(Short text fragments from websites)

%%

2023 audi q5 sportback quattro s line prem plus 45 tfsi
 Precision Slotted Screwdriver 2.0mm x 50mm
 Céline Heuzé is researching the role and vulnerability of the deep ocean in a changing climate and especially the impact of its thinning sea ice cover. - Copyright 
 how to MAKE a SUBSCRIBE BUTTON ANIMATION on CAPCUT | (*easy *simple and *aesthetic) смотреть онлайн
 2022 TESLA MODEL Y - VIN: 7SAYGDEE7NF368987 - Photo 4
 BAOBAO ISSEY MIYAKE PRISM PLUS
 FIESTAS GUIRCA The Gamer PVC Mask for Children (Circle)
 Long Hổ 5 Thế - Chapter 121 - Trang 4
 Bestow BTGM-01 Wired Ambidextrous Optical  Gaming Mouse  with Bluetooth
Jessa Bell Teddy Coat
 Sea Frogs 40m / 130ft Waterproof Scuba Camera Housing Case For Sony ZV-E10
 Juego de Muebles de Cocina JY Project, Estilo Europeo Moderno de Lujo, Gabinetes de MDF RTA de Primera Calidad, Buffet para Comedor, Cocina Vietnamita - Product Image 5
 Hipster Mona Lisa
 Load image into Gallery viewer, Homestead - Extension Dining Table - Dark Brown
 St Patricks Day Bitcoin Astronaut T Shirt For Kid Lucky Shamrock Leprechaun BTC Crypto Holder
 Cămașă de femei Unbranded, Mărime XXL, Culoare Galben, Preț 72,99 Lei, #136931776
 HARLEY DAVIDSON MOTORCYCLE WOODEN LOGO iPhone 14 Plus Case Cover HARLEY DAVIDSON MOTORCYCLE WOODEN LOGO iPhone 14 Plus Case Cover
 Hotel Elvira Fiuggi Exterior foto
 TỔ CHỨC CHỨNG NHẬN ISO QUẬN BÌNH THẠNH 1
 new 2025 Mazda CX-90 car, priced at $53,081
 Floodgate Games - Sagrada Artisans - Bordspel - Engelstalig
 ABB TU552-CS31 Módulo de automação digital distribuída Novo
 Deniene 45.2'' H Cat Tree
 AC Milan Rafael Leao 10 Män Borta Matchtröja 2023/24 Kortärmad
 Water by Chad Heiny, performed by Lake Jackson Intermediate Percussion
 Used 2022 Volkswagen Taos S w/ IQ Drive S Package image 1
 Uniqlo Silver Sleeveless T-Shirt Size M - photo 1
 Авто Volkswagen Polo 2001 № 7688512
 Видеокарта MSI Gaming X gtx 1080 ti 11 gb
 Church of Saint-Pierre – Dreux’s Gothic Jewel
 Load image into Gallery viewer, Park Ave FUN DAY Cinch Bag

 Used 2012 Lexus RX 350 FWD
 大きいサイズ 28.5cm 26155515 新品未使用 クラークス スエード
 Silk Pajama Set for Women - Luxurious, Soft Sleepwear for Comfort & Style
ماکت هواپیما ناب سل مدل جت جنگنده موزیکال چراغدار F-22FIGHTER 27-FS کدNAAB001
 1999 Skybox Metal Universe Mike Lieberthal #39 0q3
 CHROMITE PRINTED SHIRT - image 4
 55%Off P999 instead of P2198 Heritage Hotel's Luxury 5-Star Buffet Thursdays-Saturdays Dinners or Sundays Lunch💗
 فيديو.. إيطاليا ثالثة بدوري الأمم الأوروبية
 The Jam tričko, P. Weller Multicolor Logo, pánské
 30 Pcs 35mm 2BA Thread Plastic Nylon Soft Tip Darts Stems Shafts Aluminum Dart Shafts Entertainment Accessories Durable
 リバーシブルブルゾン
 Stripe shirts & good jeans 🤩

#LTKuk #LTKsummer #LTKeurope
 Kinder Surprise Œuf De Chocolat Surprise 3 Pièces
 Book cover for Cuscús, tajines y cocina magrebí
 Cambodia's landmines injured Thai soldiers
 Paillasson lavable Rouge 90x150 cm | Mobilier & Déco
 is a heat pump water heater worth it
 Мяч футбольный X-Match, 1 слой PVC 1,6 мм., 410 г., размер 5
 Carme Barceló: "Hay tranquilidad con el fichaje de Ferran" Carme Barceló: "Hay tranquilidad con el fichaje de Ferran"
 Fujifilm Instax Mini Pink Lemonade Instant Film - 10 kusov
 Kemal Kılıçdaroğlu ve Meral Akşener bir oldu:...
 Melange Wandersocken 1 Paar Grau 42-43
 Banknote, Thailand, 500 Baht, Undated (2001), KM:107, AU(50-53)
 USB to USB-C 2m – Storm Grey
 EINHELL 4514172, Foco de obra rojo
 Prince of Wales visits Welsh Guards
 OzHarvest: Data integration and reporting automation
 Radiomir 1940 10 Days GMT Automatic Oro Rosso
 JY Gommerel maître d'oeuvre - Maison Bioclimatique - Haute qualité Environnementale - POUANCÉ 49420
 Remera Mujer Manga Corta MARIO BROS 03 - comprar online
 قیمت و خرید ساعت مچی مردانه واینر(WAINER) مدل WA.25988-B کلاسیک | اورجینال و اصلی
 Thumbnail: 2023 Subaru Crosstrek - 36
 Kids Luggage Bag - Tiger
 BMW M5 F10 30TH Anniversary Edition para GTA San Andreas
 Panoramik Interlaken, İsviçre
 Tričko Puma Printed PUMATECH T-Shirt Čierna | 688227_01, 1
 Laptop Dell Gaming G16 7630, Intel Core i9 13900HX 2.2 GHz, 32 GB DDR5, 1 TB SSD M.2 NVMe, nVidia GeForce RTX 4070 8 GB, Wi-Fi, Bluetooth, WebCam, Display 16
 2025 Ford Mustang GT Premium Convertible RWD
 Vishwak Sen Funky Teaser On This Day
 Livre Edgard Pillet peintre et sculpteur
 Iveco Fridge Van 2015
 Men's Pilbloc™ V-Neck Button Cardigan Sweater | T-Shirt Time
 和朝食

%%

◆ **Problem to work on**: Once the line with "Cambodia's landmines injured Thai soldiers" is found in the records above, print exactly that line and every line after it through the line with "Prince of Wales visits Welsh Guards".

◆ **Your response**:
 Cambodia's landmines injured Thai soldiers
 Paillasson lavable Rouge 90x150 cm | Mobilier & Déco
 is a heat pump water heater worth it
 Мяч футбольный X-Match, 1 слой PVC 1,6 мм., 410 г., размер 5
 Carme Barceló: "Hay tranquilidad con el fichaje de Ferran" Carme Barceló: "Hay tranquilidad con el fichaje de Ferran"
 Fujifilm Instax Mini Pink Lemonade Instant Film - 10 kusov
 Kemal Kılıçdaroğlu ve Meral Akşener bir oldu:...
 Melange Wandersocken 1 Paar Grau 42-43
 Banknote, Thailand, 500 Baht, Undated (2001), KM:107, AU(50-53)
 USB to USB-C 2m – Storm Grey
 EINHELL 4514172, Foco de obra rojo
 Prince of Wales visits Welsh Guards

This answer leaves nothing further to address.